Rewriting git history isn't too complicated, especially if you're removing whole directories, but yeah it would probably be better to move or break off the main theme files elsewhere to avoid breaking everyone else's copies.
You could even maintain stars and such by just keeping this one as the main repo, but with a note that you can clone another one for just the theme alone.
keeping this one as the main repo, but with a note that you can clone another one for just the theme alone.
A 1:1 repo like blowfish-lite
that would require @nunocoracao to maintain two copies of the same codebase… more toil, greater chance for divergence.
what feels least bullshitty to me is having a core repo that has the theme content which this repo consumes…. but wth do i know? :)
that would require @nunocoracao to maintain two copies of the same codebase… more toil, greater chance for divergence.
what feels least bullshitty to me is having a core repo that has the theme content which this repo consumes
I was thinking something similar, but even if they were completely separate, you could lazily sync the theme into the main repo on every commit with a GitHub action.
implementation details :) lots of ways to accomplish it… each has its own bag of bullshit… i don’t wanna be too prescriptive of the how… just wanting to amplify the legitimacy of the request
Hey @fuse314 @wolfspyre @ragibson @chromer030 Thanks for all the feedback. I am definitely interested in improving this ASAP. From the thread I got a couple of actions:
Small update - with the last changes already reduced the repo size from 736M to 546M (25% reduction). Will keep exploring the other two options a little more before committing to a solutions.
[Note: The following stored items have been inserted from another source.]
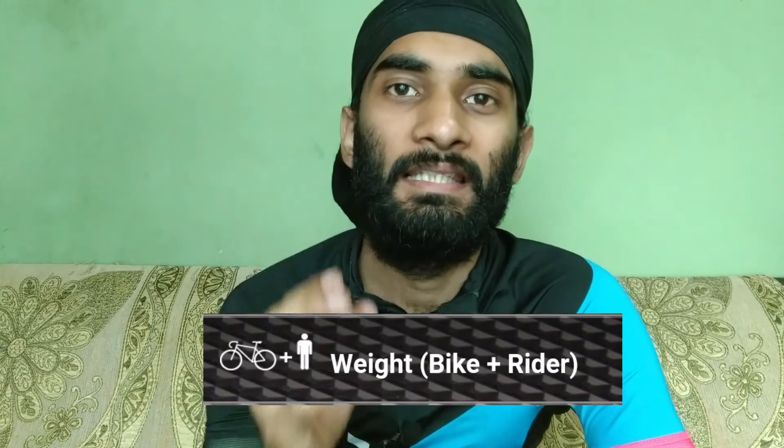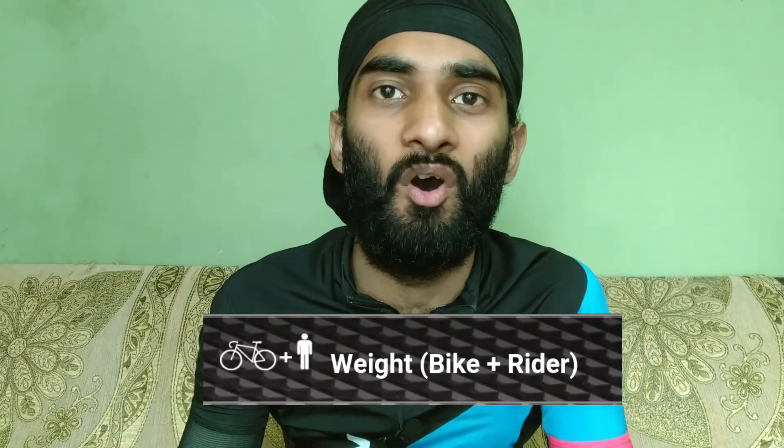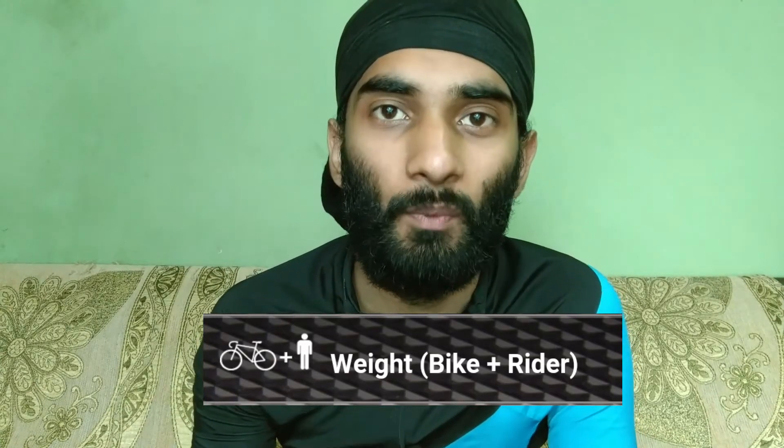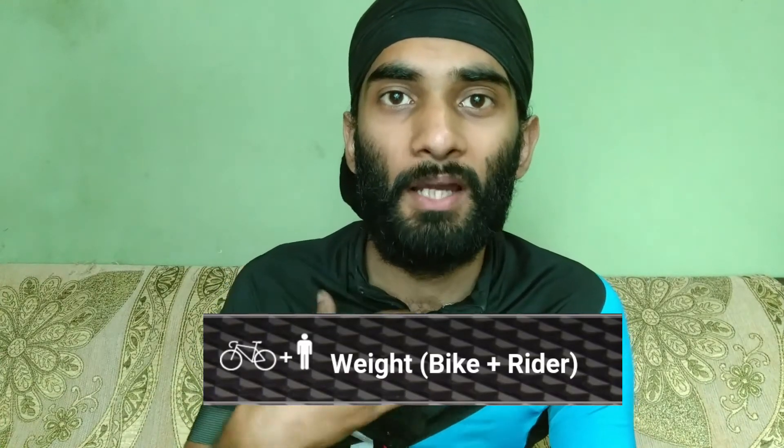The next option is the weight. This weight is not just your weight, and it's not just your bike's weight — it is the sum of both. Your weight plus your bike's weight. For example, my weight is 55 kg and my bike's weight is 9 kg. If you have bags, you calculate the total weight on your bike including bags, accessories, and water bottle.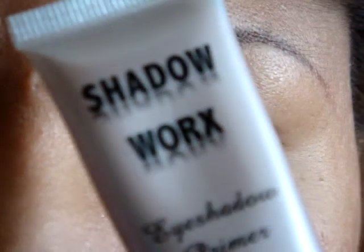So first of all I'm going to start using a primer. I got this primer on KosaSense for like $10, I'm not exactly sure. It's called Shadow Works and it looks like this. I'm going to apply this on my lid.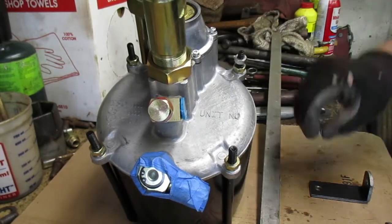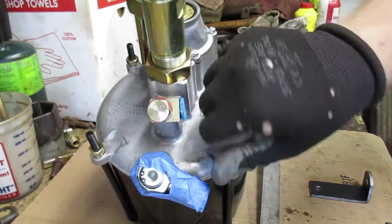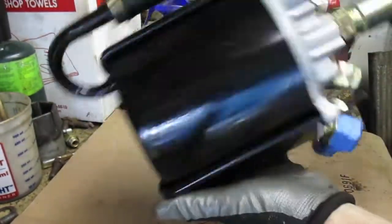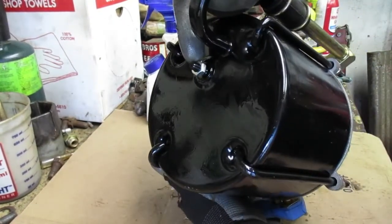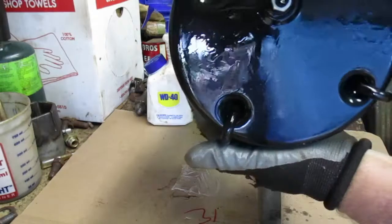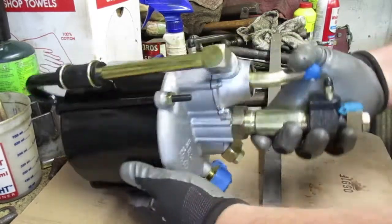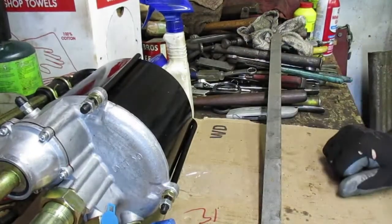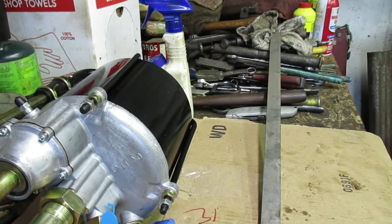There's a threaded stud on the back side of this hydrovac that I'll build another mount for. See where the nut is — right there. So another mount is going to come off the frame this way, and that'll prevent vibration against the vehicle. Everything's going to be awesome. I've got to get rid of these gloves — the oil in this rubber makes everything slick.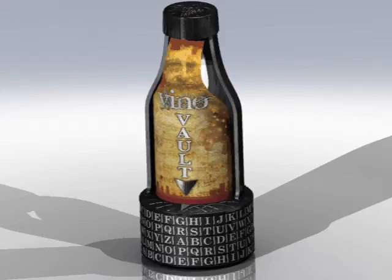This video is going to show you the simple step-by-step procedure for resetting the locking combination of either your VinoVault or PuzzlePod.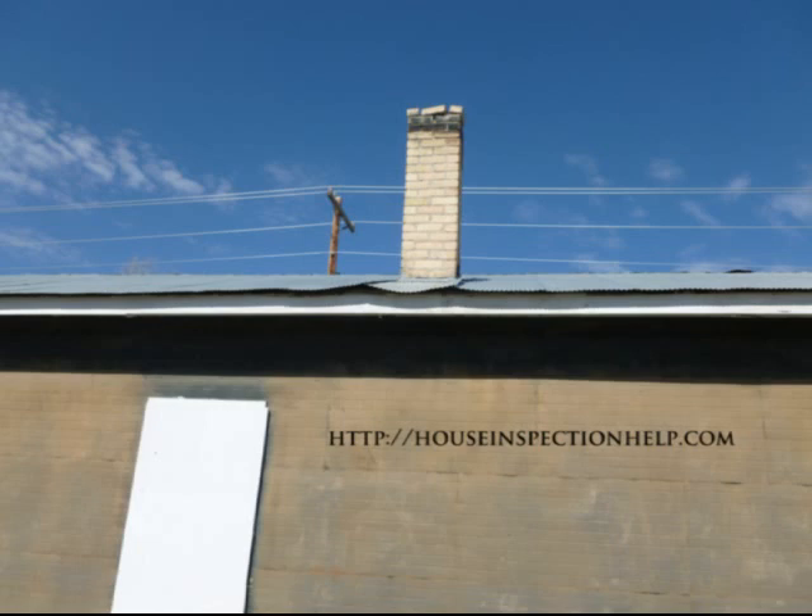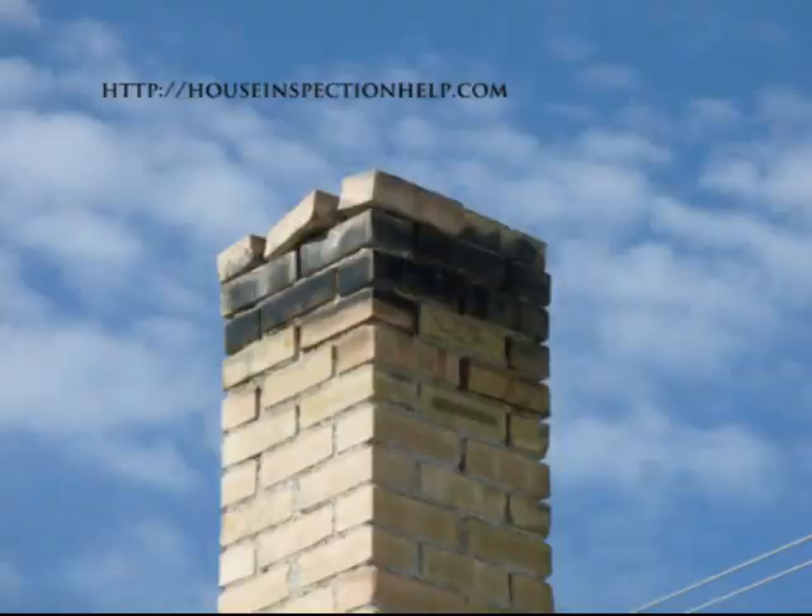Here's kind of a weird case. I'm trying to figure out why the top of the chimney is black but the bricks on the very top aren't discolored, or at least aren't discolored as much.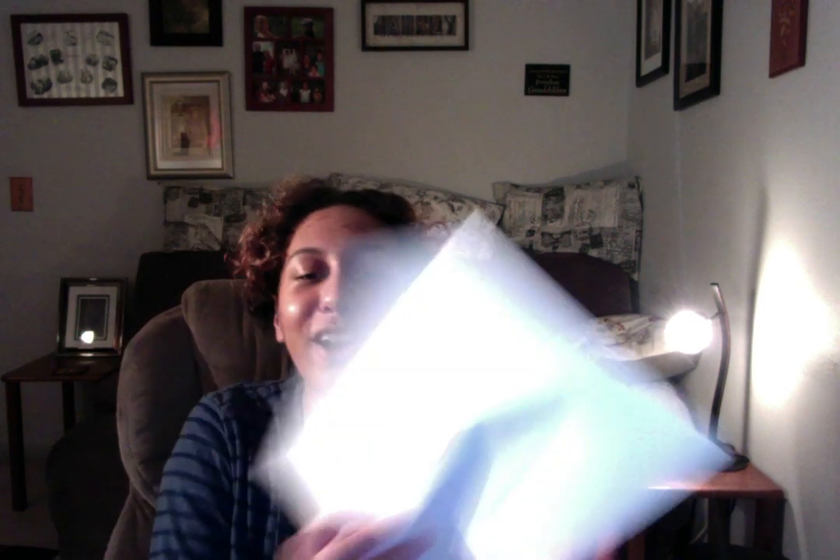Now I'm going to start with blue. There you go! Bye!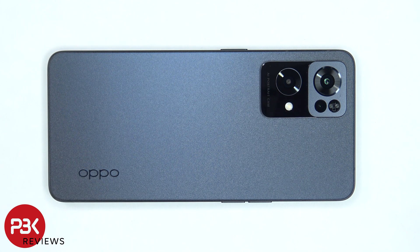This is the Reno7 Pro disassembly. If you want to see more videos like this, make sure you subscribe and follow me on Twitter so you'll be notified when I upload a new video. And if you need any tools, there are links in the description.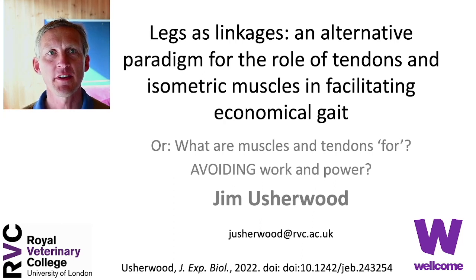Hello, I'm Jim Ashwood from the Royal Veterinary College London, funded by the Wellcome Trust. This is a video abstract for a paper in the Journal of Experimental Biology.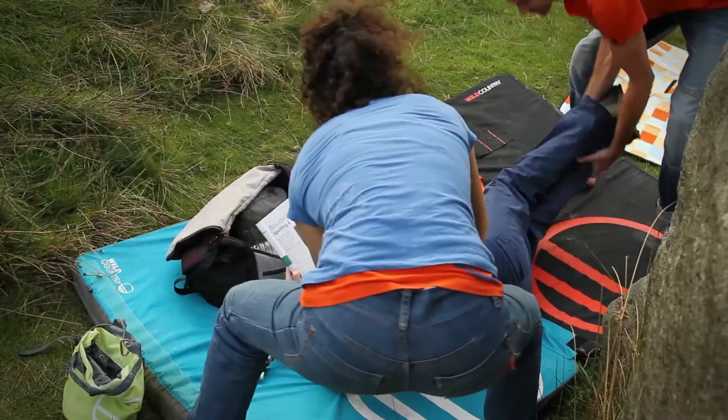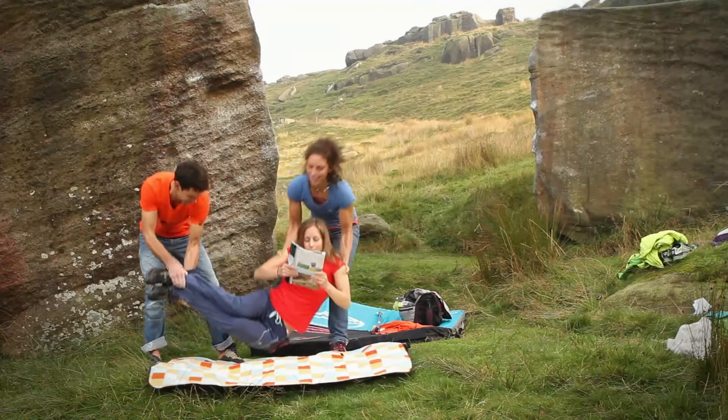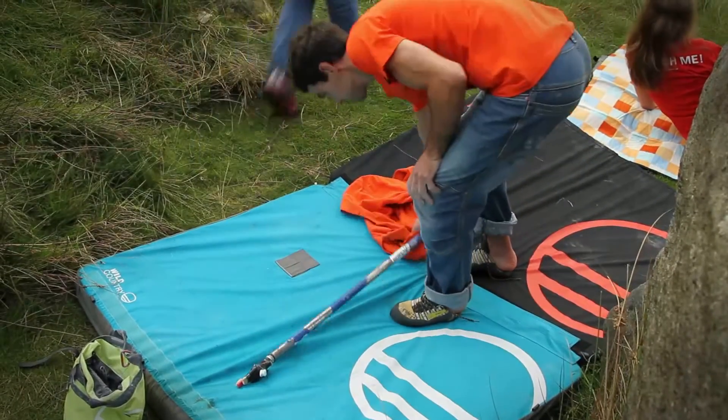How to land safely when out bouldering. First of all, we need to consider: are the pads arranged properly and are they in the right place, i.e. underneath us? Are they clear — not got anything on top we might fall over, trip over and land on and hurt ourselves? Do we know where the edges of the pads are, so we're not going to miss the pads?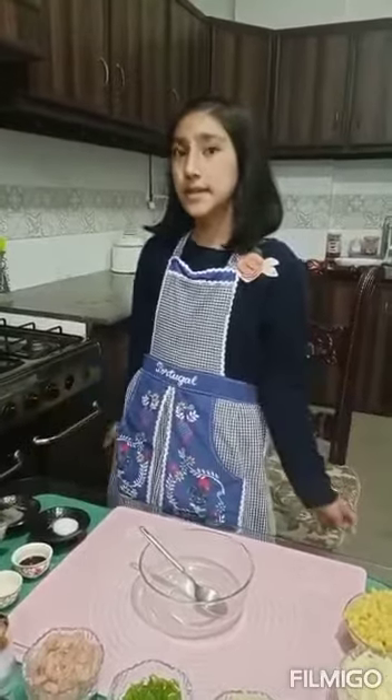Assalamualaikum, my name is Ayesha Thayer. Today I am making cheese pasta with an easy recipe.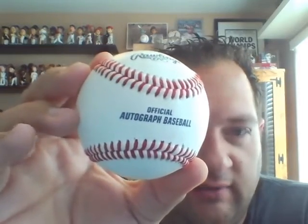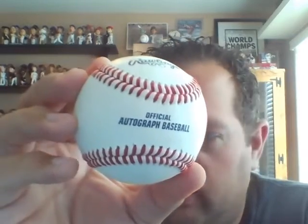So instead of saying 'official major league baseball' or whatever league it is, it is a Rawlings baseball and the quality is the same as a major league baseball. But the difference is — let me demonstrate — you kind of push it in, twist it, and pull it out and it's a pen.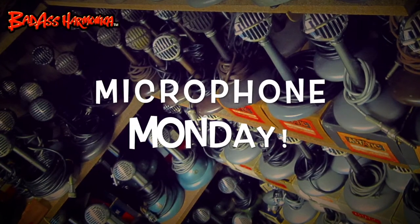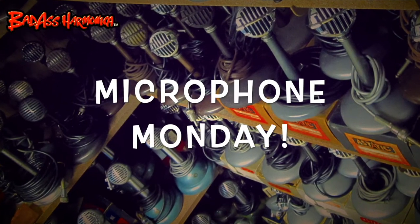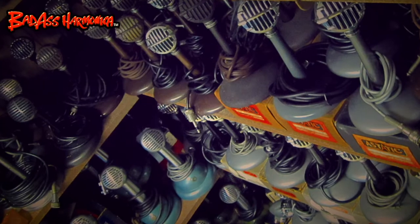Hey, whatcha say? It's Microphone Monday. Classic on this Microphone Monday, a static JT-30 in the box with a stand. This is the JT-30 C.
@nunocoracao if you wanna take a look at what I'm doing async:
I mirror this repo:
https://gitlab.wolfspyre.io/mirrored_repos/hugo_related/nunocoracao/blowfish
The scripts here rip the history around quite a bit... might be useful to play with: https://gitlab.wolfspyre.io/mirrored_repos/hugo_related/nunocoracao/blowfish-wrangler
The output: https://gitlab.wolfspyre.io/mirrored_repos/hugo_related/nunocoracao/blowfish-thin
/tmp$ git clone https://gitlab.wolfspyre.io/mirrored_repos/hugo_related/nunocoracao/blowfish-thin
Cloning into 'blowfish-thin'...
warning: redirecting to https://gitlab.wolfspyre.io/mirrored_repos/hugo_related/nunocoracao/blowfish-thin.git/
remote: Enumerating objects: 5704, done.
remote: Counting objects: 100% (2322/2322), done.
remote: Compressing objects: 100% (1489/1489), done.
remote: Total 5704 (delta 831), reused 2322 (delta 831), pack-reused 3382
Receiving objects: 100% (5704/5704), 36.85 MiB | 38.12 MiB/s, done.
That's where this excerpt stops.